What they hadn’t expected was that she’d turn on them rather than cross it.

They’d made her.

She knew their secrets.

She was an enemy they’d trained.

And now she was hunting them.

CHAPTER TWENTY-SEVEN

JAKE SHOULDERED HIS WAY DOWN THE STEPS leading into Penn Station.

With the power still out, he’d hoped the station would be empty, or at least near empty. He couldn’t have been more wrong—the place was a heaving mass of humanity, most of which smelled as though it hadn’t showered for a week.

It wasn’t pretty.

He pushed through the crowd.

There was no natural light once inside. Backup generators powered everything. Striplights that made everyone look like wraiths half draped in shadow.

The stairs were jammed even more than usual, and there was absolutely no order to the flow of bodies. No one was managing more than a few steps at a time with the rest of the herd. He didn’t have time for that.

He didn’t know what he was looking for. It wasn’t like they were going to have big neon signs over their heads that proclaimed:
Bad guys.

But the last two times he’d come across them, they’d been entering abandoned buildings.

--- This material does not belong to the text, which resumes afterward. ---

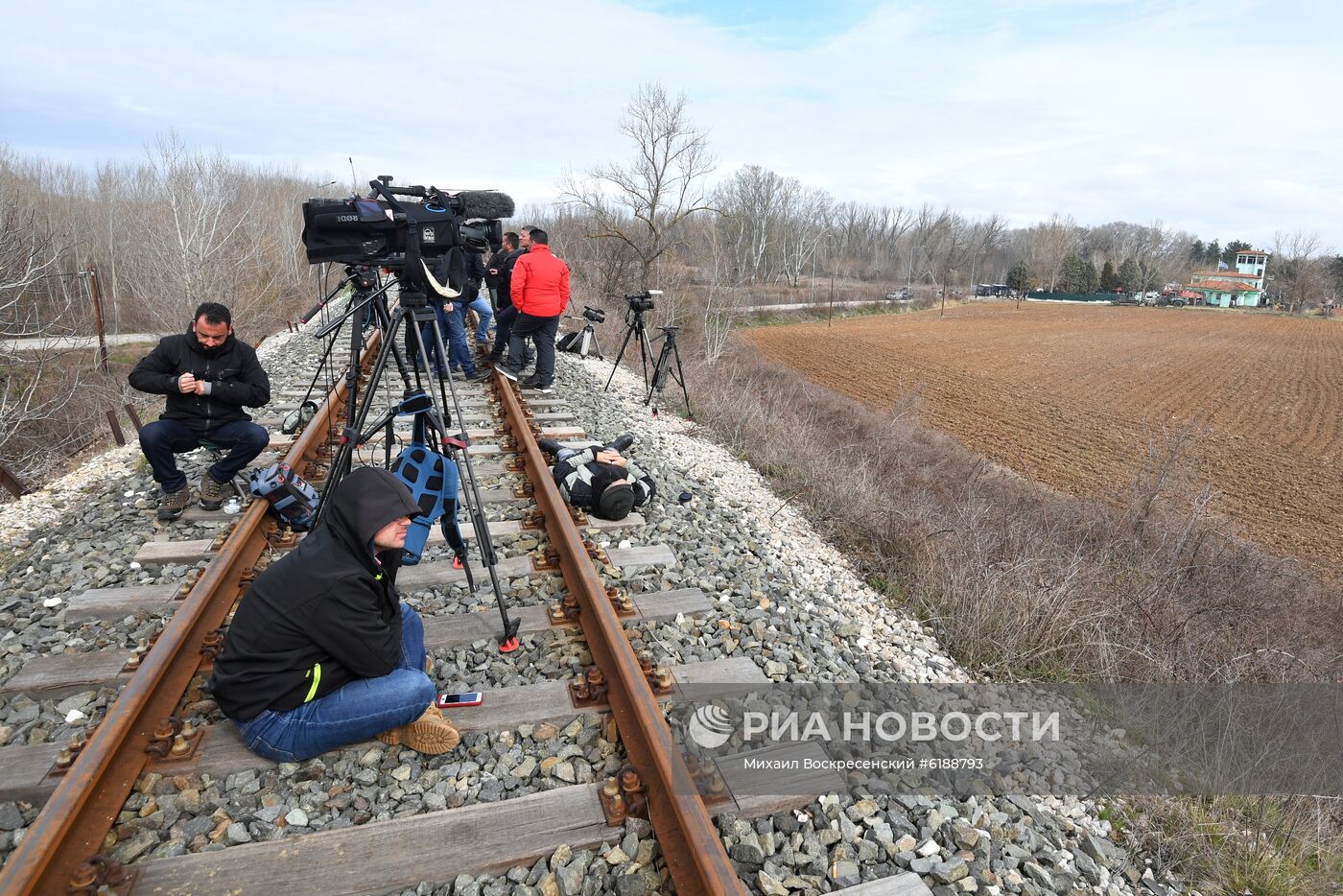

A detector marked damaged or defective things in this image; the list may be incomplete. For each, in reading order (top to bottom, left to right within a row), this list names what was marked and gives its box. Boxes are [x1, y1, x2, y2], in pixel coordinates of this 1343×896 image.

rusty railway track [0, 336, 744, 896]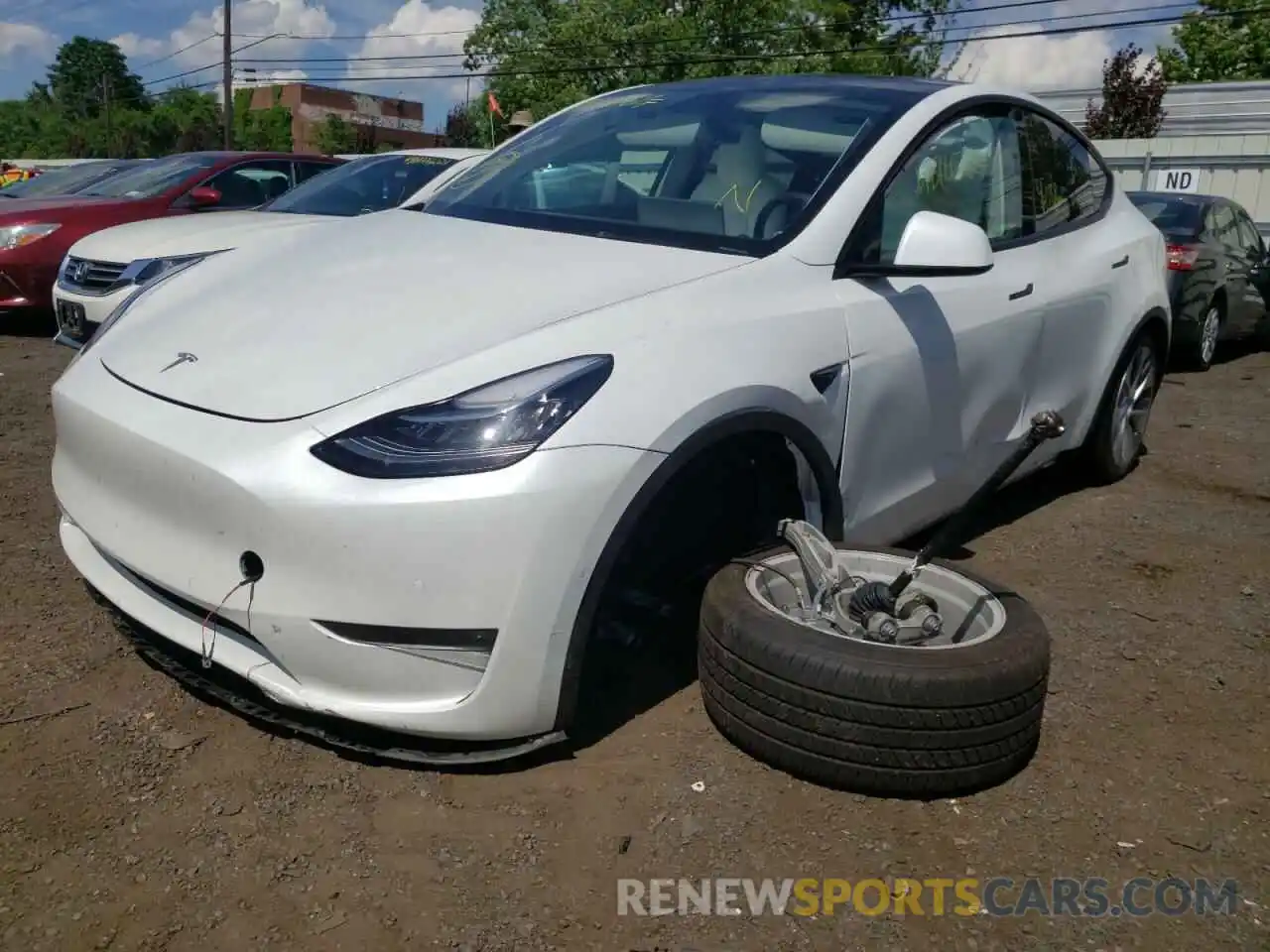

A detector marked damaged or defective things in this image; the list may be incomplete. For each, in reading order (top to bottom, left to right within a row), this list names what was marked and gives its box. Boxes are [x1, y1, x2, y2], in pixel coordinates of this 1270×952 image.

detached wheel [698, 543, 1048, 797]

The only other time, they’d been tagging the station, and he wasn’t even sure that counted. That didn’t fit the pattern. That was too low-level. Like a distraction from the bigger picture. It didn’t feel right. Penn was far from abandoned; commuters waiting for the first train out of here and the homeless and dispossessed seeking shelter made it feel like Times Square on New Year’s Eve.

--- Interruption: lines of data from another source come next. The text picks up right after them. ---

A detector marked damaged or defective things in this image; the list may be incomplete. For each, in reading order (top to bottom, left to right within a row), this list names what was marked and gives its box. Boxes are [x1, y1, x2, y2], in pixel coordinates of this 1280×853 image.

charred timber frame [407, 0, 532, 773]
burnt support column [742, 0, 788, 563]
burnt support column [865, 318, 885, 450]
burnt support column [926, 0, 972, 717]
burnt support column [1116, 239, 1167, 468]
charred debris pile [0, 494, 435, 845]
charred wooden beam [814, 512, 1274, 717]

Penn was familiar. In times of crisis didn’t people look for the familiar? For known quantities? Things they could trust? Penn Station was a New York institution, not glitzy and touristy like Times Square. There was light, sure, and it was a practical place, a workhorse, solid and reliable—just like New Yorkers pictured themselves. It didn’t hurt that it had a lot of open space for people to congregate in, which made it a good focal point for meeting up. Most of the people here were taking refuge rather than waiting for a train, and that made it tough to spot the terrorist hiding in the mix somewhere.

He used his height and bulk to force his way through the crowd down the long hall, past the Duane Reade and other shops, trying to look everywhere at once, heading toward the ticket booths and platform entries. There was nothing to suggest he wasn’t just chasing shadows. There wasn’t a central computer system like at the stock exchange or the relay station.